WORK ORDER ->
Below, find the line containing "Chef demonstrating cooking"; from there to the final line, print every line exactly and skip the pictures.

-- DATASET EXCERPT follows --

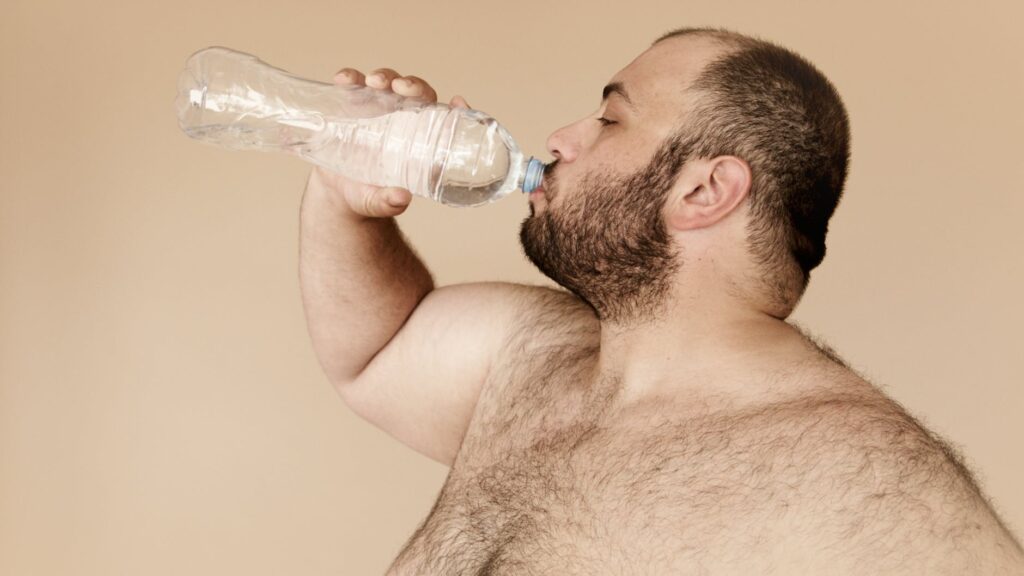 man drinking from clear plastic bottle Why Are There Bubbles In My Water Bottle
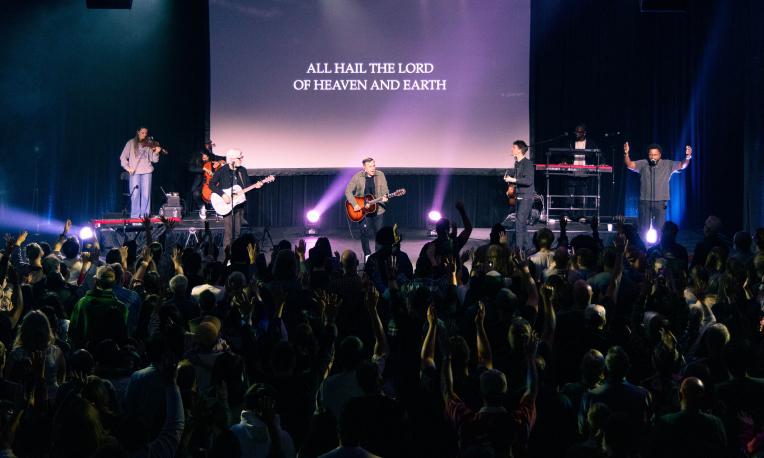 Concert scene with a band on stage and audience under colorful lights.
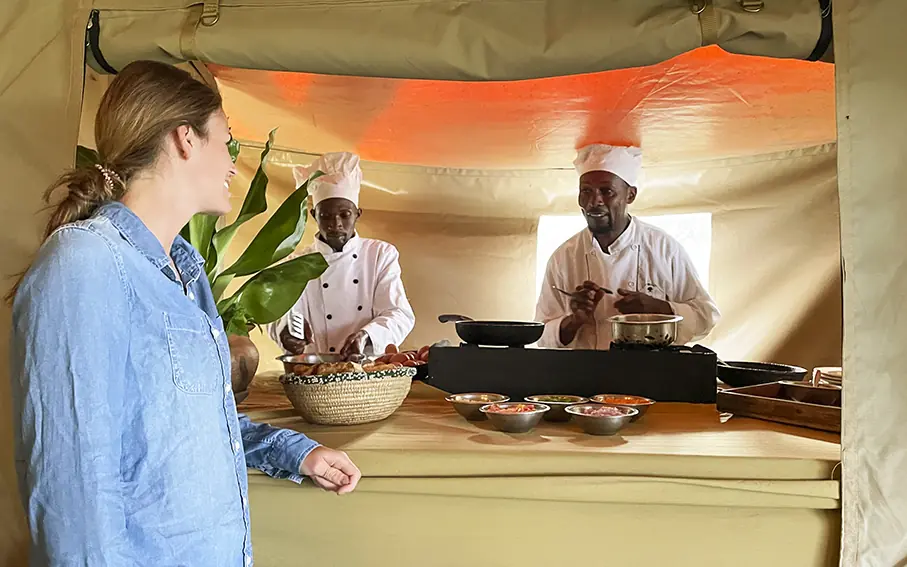 Chef demonstrating cooking techniques to guest at camp kitchen, Mysigio Camp, Ngorongoro Crater, Tanzania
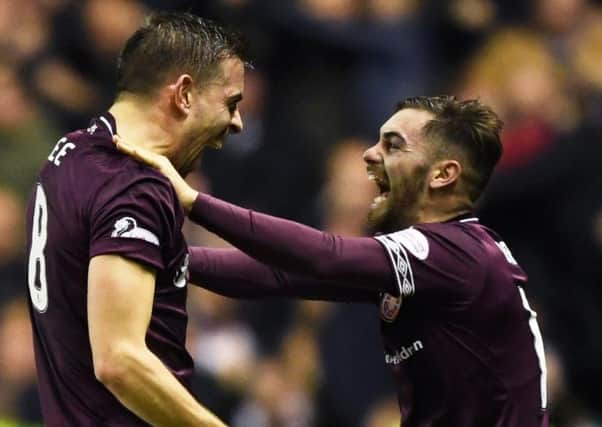 Olly Lee, left, celebrates his derby goal with Ben Garuccio at Easter Road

-- DATASET EXCERPT concluded --

RESULT OF THE EXERCISE ->
 Chef demonstrating cooking techniques to guest at camp kitchen, Mysigio Camp, Ngorongoro Crater, Tanzania
 Olly Lee, left, celebrates his derby goal with Ben Garuccio at Easter Road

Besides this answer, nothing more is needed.